─── Data extract ───

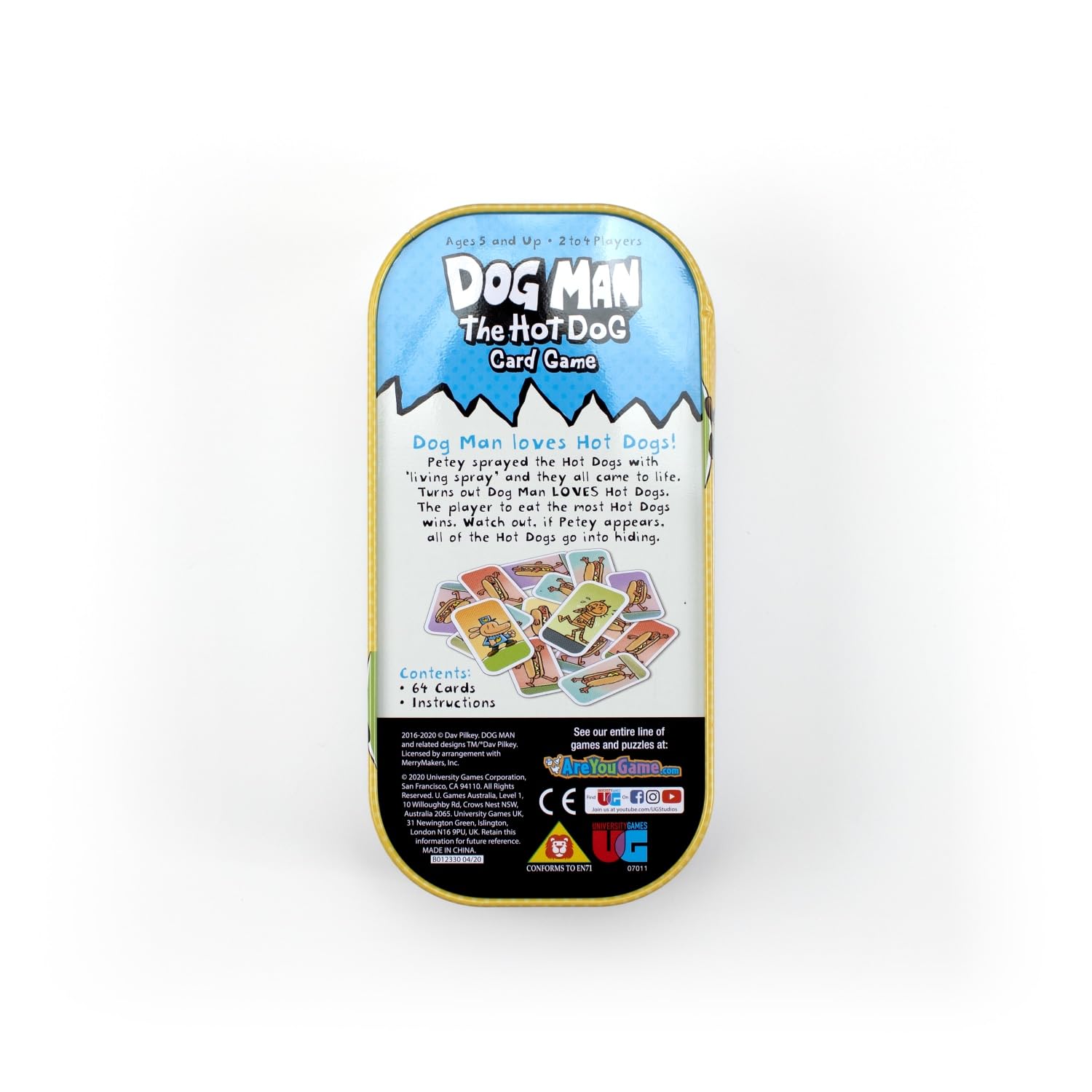University Games Dog Man Hot Dog Card Game in a Tin , The Fast and Frenzied Collection Game for Kids Featuring Art from the Dog Man Books by Dav Pilkey, for Players Ages 6 and Up - Image 8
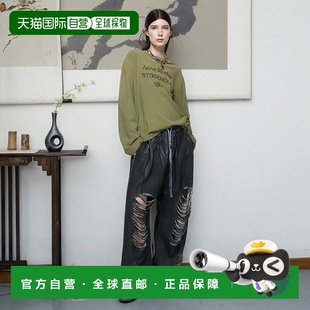 欧洲直邮Acne Studios FW25男女通用橄榄绿棉/麻印花长袖上衣T恤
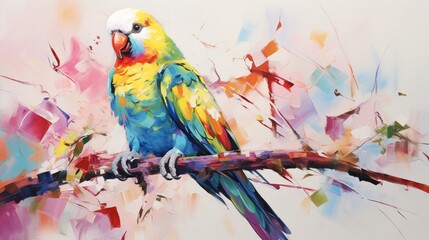 a whimsical depiction of a playful parakeet, its lively and curious demeanor captured in vibrant strokes on a clean white surface, reflecting the playful nature of these charming birds.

───

An exact retyping of the material, minus the pictures, is the required answer.

→ Result of the task
University Games Dog Man Hot Dog Card Game in a Tin , The Fast and Frenzied Collection Game for Kids Featuring Art from the Dog Man Books by Dav Pilkey, for Players Ages 6 and Up - Image 8
 欧洲直邮Acne Studios FW25男女通用橄榄绿棉/麻印花长袖上衣T恤
 a whimsical depiction of a playful parakeet, its lively and curious demeanor captured in vibrant strokes on a clean white surface, reflecting the playful nature of these charming birds.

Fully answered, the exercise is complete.